3. Personal Cloud Storage = Exposure of Business Files
Work files are stored in a personal Google Drive or Dropbox. Credentials are stolen, and attackers access sensitive business data. Dropbox, in particular, has had many problems over the years, so you must pay attention to where and how files are stored.
4. Social Account Takeover → Supply Chain or Fraud Attacks
A business’s social media account is taken over via reused passwords. Attackers impersonate them to trick vendors, staff, or partners. The hacked posts urge the audience to click on spam links or phishing sites, or in some cases, just run the classic (and highly successful) “buy us digital gift cards for a good cause” scam.

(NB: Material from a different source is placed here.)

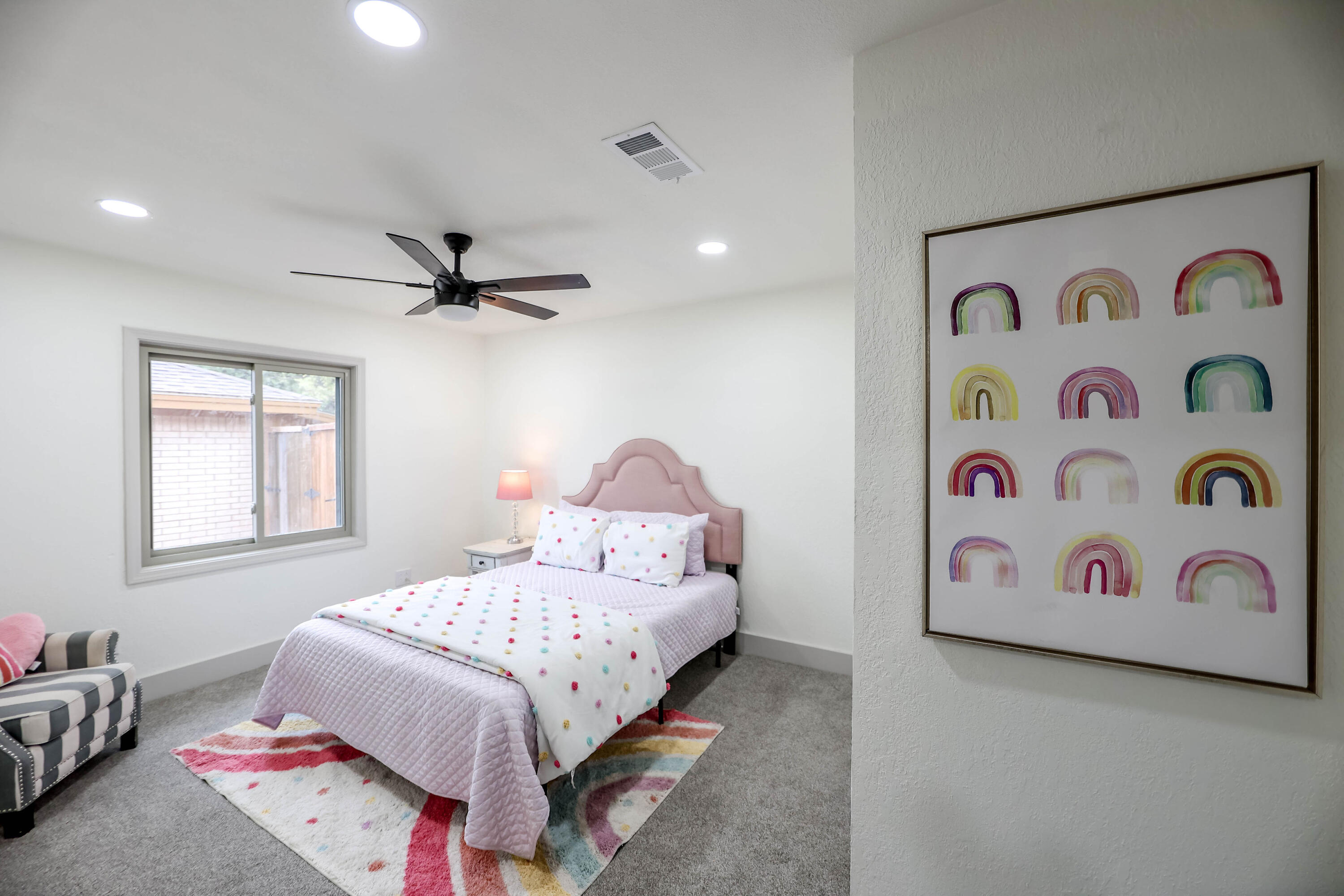 4411 79th Street Lubbock, TX 79424 - Photo 21 of 42 a bedroom with a bed and a painting on the wall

5. SMS/SIM Swap → Bypassing 2FA
Publicly posted phone numbers (or numbers accessed by mechanisms like our initial example above with Facebook Marketplace) are “ported” by attackers. Without getting too technical, hackers take easily accessed information like DOB, address, and phone number, and use that to get your service changed away from your own phone. Then, any SMS-based 2FA is bypassed to take over personal or, potentially, corporate accounts (depending on what accounts the phone number is connected to).
6. Oversharing on Social Media Leads to Targeted Phishing
The hack: Vacation posts, photos of company equipment, or job titles give attackers the info needed for realistic phishing. Or, even consider innocuous information sharing, like DOBs, addresses, and phone numbers in church bulletins. Criminals can use this information for a variety of criminal activities, whether digital or not.
Bottom line:
Cyber hygiene isn’t just a business problem. Your personal digital habits (and those of your employees) are the front door for attacks that can reach your company. Think twice before posting that phone number, reusing passwords, or skipping MFA. A little personal discipline goes a long way to keeping Drama IT out of your life.